- Work item:
Your reply should hold exactly the lines from the one that contains "Logo for Southwest Sprinkler Company, LLC" through the end of the data. Repeat them word for word.

- Information provided:
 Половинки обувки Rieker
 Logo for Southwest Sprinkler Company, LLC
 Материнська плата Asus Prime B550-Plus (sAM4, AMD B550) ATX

- Reply to the exercise:
 Logo for Southwest Sprinkler Company, LLC
 Материнська плата Asus Prime B550-Plus (sAM4, AMD B550) ATX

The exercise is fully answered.